*** Opening of Supplied material ***

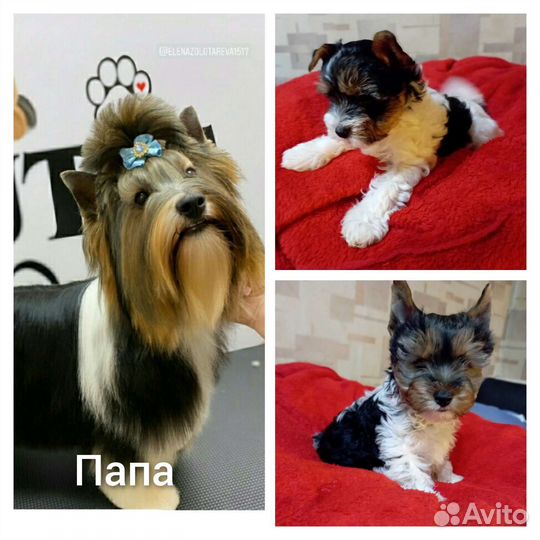 Бивер вязка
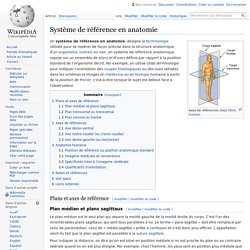 Système de référence en anatomie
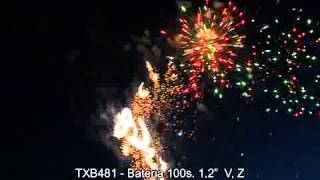 TXB481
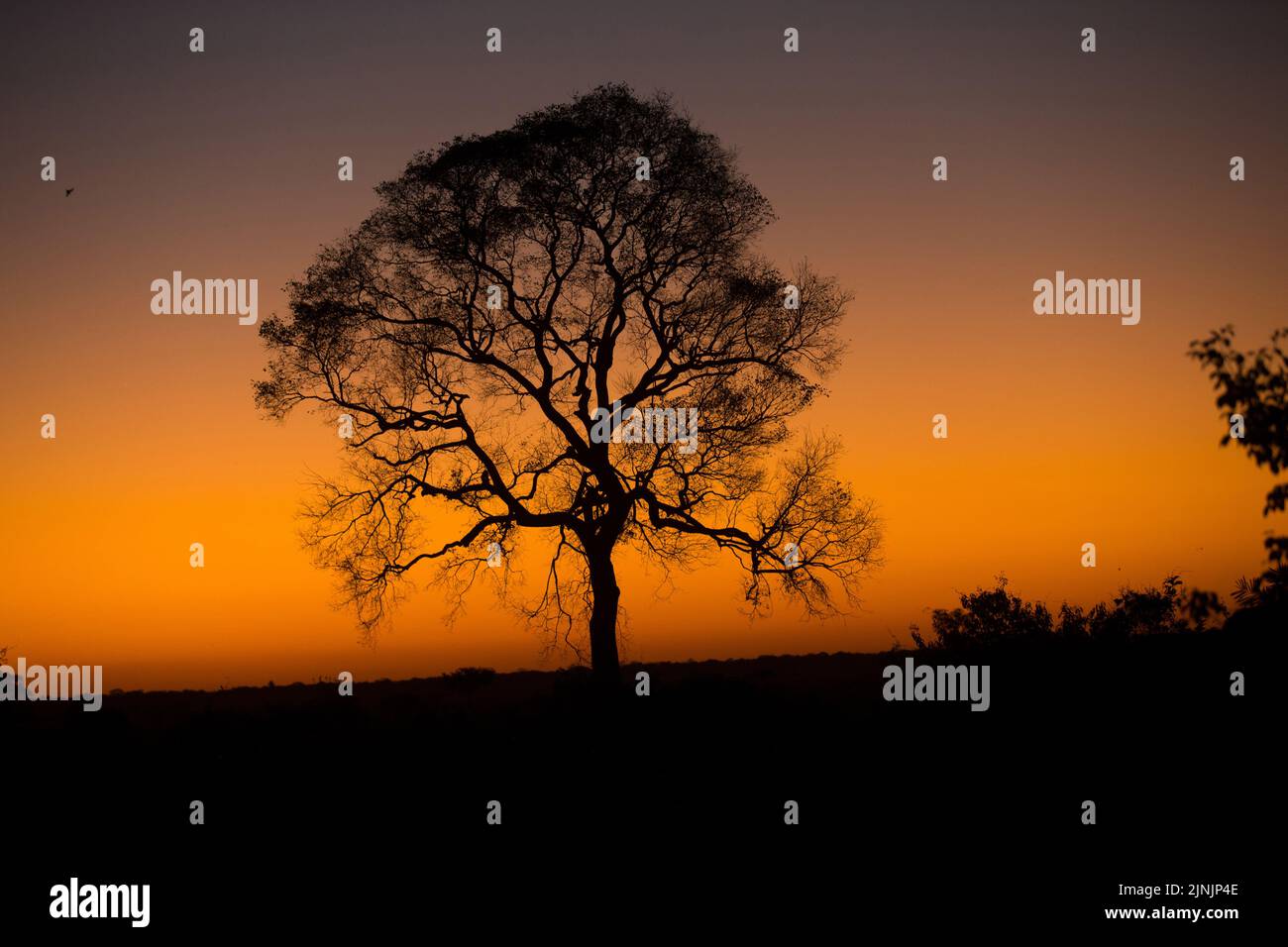 silhouette of a tree in the evening glow, Brazil, Pantanal Stock Photo
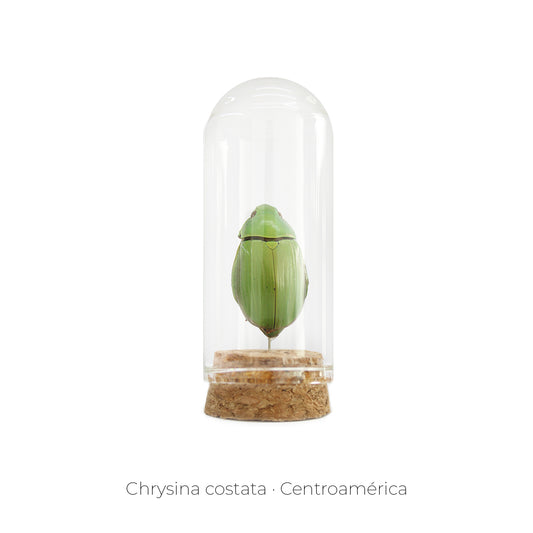 CAPELO DE INSECTO CHRYSINA COSTATA.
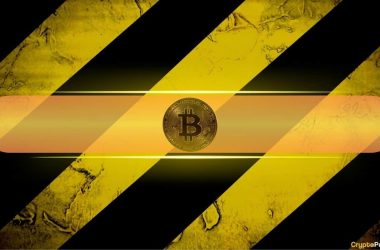 warning-signs-appear-as-this-key-metric-suggests-upcoming-corrections-for-btc,-altcoins-(analysis)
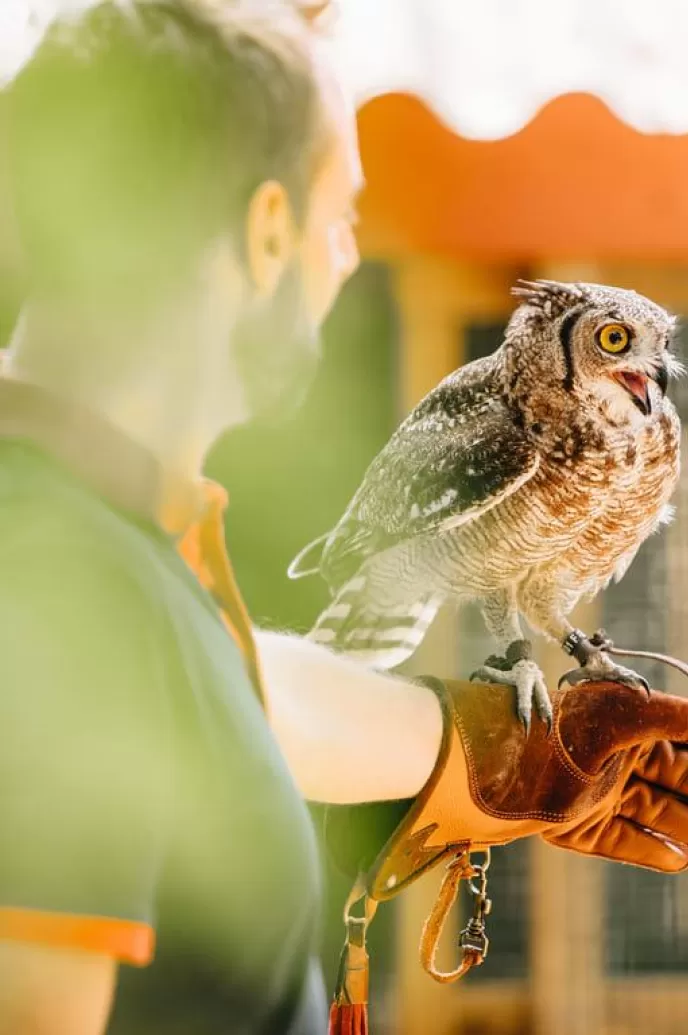 Oiseau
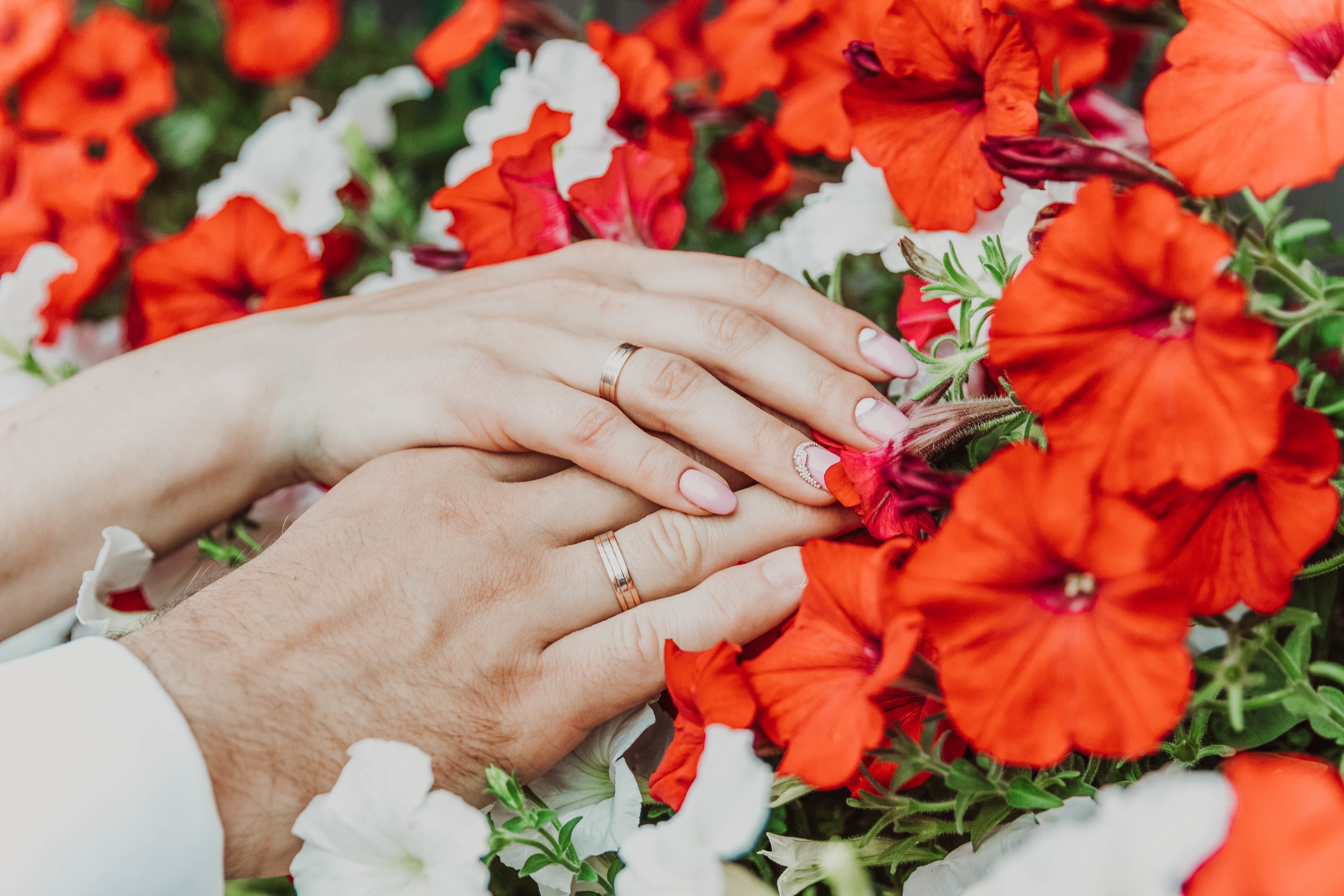 Wedding: Анастасия и Василий. Фотограф и Видеограф в Москве Дарья Арсентьева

*** Close of Supplied material ***

Work task ->
Copy exactly the lines from the line that has "silhouette of a" through the last line of the entries above, inclusive, and no others. Pictures do not go in the copy.

Result of this exercise ->
 silhouette of a tree in the evening glow, Brazil, Pantanal Stock Photo
 CAPELO DE INSECTO CHRYSINA COSTATA.
 warning-signs-appear-as-this-key-metric-suggests-upcoming-corrections-for-btc,-altcoins-(analysis)
 Oiseau
 Wedding: Анастасия и Василий. Фотограф и Видеограф в Москве Дарья Арсентьева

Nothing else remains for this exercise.